Secretos de un matrimonio, del director sueco Ingmar Bergman, es una película con solo dos actores principales, con dos actores que ocupan la totalidad de la pantalla durante el noventa por ciento de la cinta, con mucho primer plano y bastante plano medio. Solo aparecen Liv Ullmann y Erland Josephson, estos dos actores, y no se mueven prácticamente de la sala de estar, pero aseguran la variedad y la amenidad, incluso un ritmo narrativo más bien rápido gracias a la gama de sentimientos y de estados de ánimo que son capaces de producir, con la capacidad que demuestran para pasar de una a otra expresión casi continuamente. Es una película en la que ocurren muchas cosas sin necesidad de abandonar la habitación y el obsesivo primer plano. Sobre todo resulta sorprendente, y más que eso, inquietante, la capacidad de la actriz Liv Ullmann para pasar del gesto de perversa frialdad al de ingenuidad bonachona en cuestión de segundos.
Liv Ullmann resulta en este papel tan odiosa y tan adorable como en Persona, otra gran película de Bergman, y entre estas dos impresiones tan contradictorias, la actriz ofrece una gama casi infinita de variedades de expresión y de matices interpretativos. «Es un estudio exhaustivo de la duda, la desesperación. la confusión y la soledad experimentadas por una mujer», podemos leer en Filmaffinity; pero creo que se pueden añadir más estados de ánimo a esta lista. Ella está sola en su casa y espera la visita del marido –papel que interpreta Erland Josephson– con el que está en trámite de separación. Suena el timbre y, a partir de ahí, de que se encuentran después de varios meses, ya pasan todo el rato juntos delante de la cámara. Se hablan, se besan, cenan y se mueven por la salita, por el despacho o por el dormitorio del piso. Sentado en el sofá, él se queda un momento dormido porque está muy cansado, y a continuación suena el teléfono. Ella se desplaza a otro cuarto para cogerlo en la única interrupción del cara a cara entre los dos miembros del matrimonio en crisis. Se despiden al final de la velada, él abre la puerta con la intención de abandonar el piso, pero no llega a travesar el umbral porque ella va detrás y lo detiene para proponerle dormir juntos, aunque sin hacer el amor, por hacerse compañía solamente.

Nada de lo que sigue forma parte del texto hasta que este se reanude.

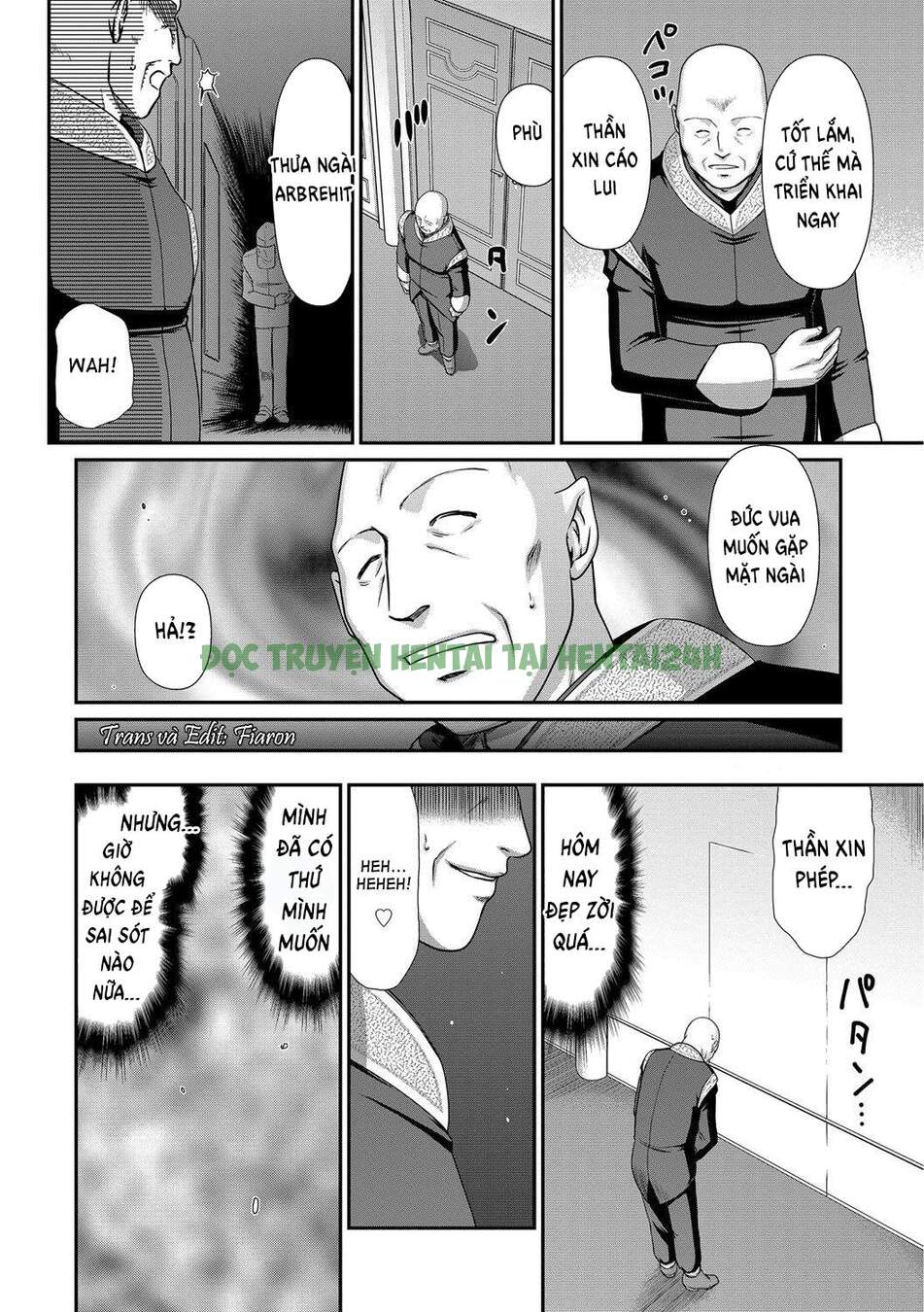 Xem ảnh 5 trong truyện hentai Ingoku No Kouki Dietlinde - Chapter 2 - Truyenhentai18.net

Se trata de una miniserie producida por y para la televisión, pero no creo que, si se hubiera planeado como proyecto cinematográfico, Bergman se hubiera asustado de este absoluto protagonismo de los dos actores, de esta supremacía tan abrumadora de los primeros planos. Es como si intentara sacar partido a todas las posibilidades que ofrece la crisis de una pareja, de sus dramáticas entrevistas, como si en gran parte se tratara de un experimento de investigación cinematográfica, del intento por saber hasta dónde se puede llegar por este camino, de averiguar dónde queda el límite. Una montaña rusa de sentimientos y de estados de ánimo se suceden sin apenas recurrir al llanto, al grito, a la marcada gesticulación; o solo se recurre a todo esto cuando el marido se emborracha y llega a golpearla en una secuencia muy puntual y aislada.
La aproximación que nos ofrece la cámara a esta pareja resulta tan exhaustiva, que abarca todos los ángulos y todas las perspectivas posibles de sus cuerpos y de sus rostros, de sus almas se podría decir también. Lo más curioso y lo que más nos admira es que la determinación del director llega hasta el punto de que a los actores se les notan las más ligeras arrugas, los poros de la piel, la saliva en la comisura de los labios, en este intento por explorar hasta el límite, por llegar hasta las últimas consecuencias en el análisis de los caracteres.